Jesus had no doubt where the fulfilled person's priority lay: it lay with God, so that it might aid in the resurrection of the world. Our progressive movement into freedom starts with our emancipation from inner fears and negative attitudes to life, a liberation effected by the spirit of love and faith given to us by God, often through the agency of a spiritually aware friend or counsellor. The next part of personal freedom involves a loosening of obsessive ties with other people, whose favourable opinion of one is essential for one's own self-esteem. Indeed, we cannot know real freedom until we have parted with our reputation in the service of truth. It is more liberating for me to appear a complete failure in the eyes of my colleagues by being true to my own insights than to glow in the esteem of others while denying my own identity, known in terms of the soul's response to moral values. 'What does a man gain by winning the whole world at the cost of his true self?' (Mark 8:36). The time spent in the wilderness is a crucially formative period in the lives of many great creative artists. It is even more significant in the growth into authenticity that punctuates spiritual mastery. It is in this spirit that Jesus' radical criticism of wealth finds its most important application: a person can no more enter the kingdom of heaven while encumbered with the adornments of money, power or intellectual prowess than can a camel pass through a needle's eye (Mark 10:25). To be liberated from the need for this world's riches is to move from an uncertain identity that depends on our outer reputation to an enduring identity that radiates from within us as a seal of our integrity.

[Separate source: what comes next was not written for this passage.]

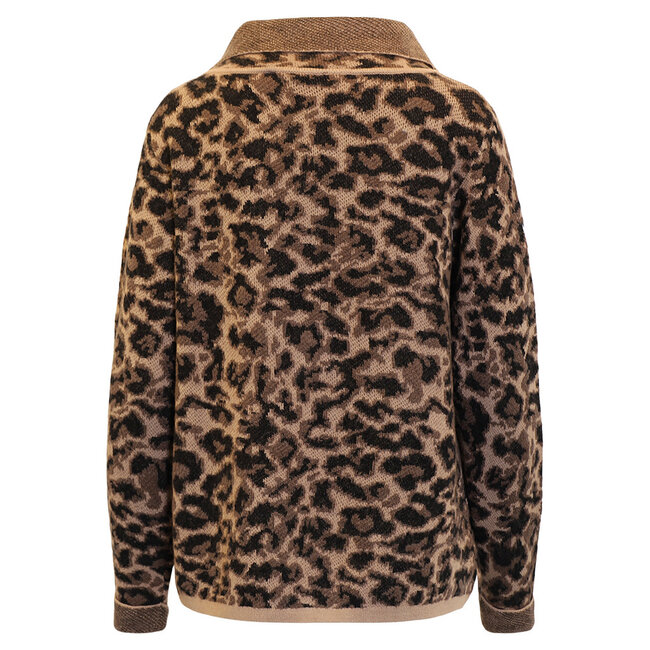 Pull Signature leopard 219175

We have also to break loose from long-established attitudes of mind and limiting ways of thought. On one occasion Jesus invited someone to follow Him, but the man first wanted to bury his father. Jesus told him to leave the dead to bury their dead, but that he should go and announce the kingdom of God (Luke 9:59-60). On another occasion, the man invited wanted first to bid farewell to his family, to which Jesus replied that no one who sets his hand to the plough and then keeps looking back is fit for the kingdom of God (Luke 9:61-62). Clearly, the disposal of the dead and a proper caring leave-taking, perhaps for good, of those close to one, is mandatory. But first there must be a full commitment to God. If one sets one's mind on God's kingdom and His justice before everything else, the rest will come to one as well (Matt. 6:33). In other words, in the two situations described above, if the would-be disciples had declared their allegiance to Christ first, they would have been able to do the work that filial piety and common duty demanded with the greatest alacrity while serving the Lord. But if the day's work takes precedence over our duty to God, we shall soon become so submerged in worldly care that the light of God will be occluded from our spiritual vision.

The same deficiency results when a person is too busy to find a time for silent communion with God in the practice of contemplation, which is as necessary for the well-being of the inner man as breathing is for the body. Constructive living is largely an exercise in assessing our priorities: only when the spiritual dimension claims our first allegiance can the demands of social, family and personal life be fulfilled and enjoyed. The peace that passes understanding, which is the basis of the faith of the counsellor that all will be well in the end, comes admittedly as a gift from God. But it has also to be cultivated by a disciplined inner life with a controlled outer expression in the various relationships that punctuate our work in the world. To be able to receive requires us first of all to put ourself in a state of stillness and trust. And this discipline of the inner life has to be learnt in slow stages by the client also. On it depends the freedom necessary for a full utilisation of one's gifts and a realisation of one's potential as a human being.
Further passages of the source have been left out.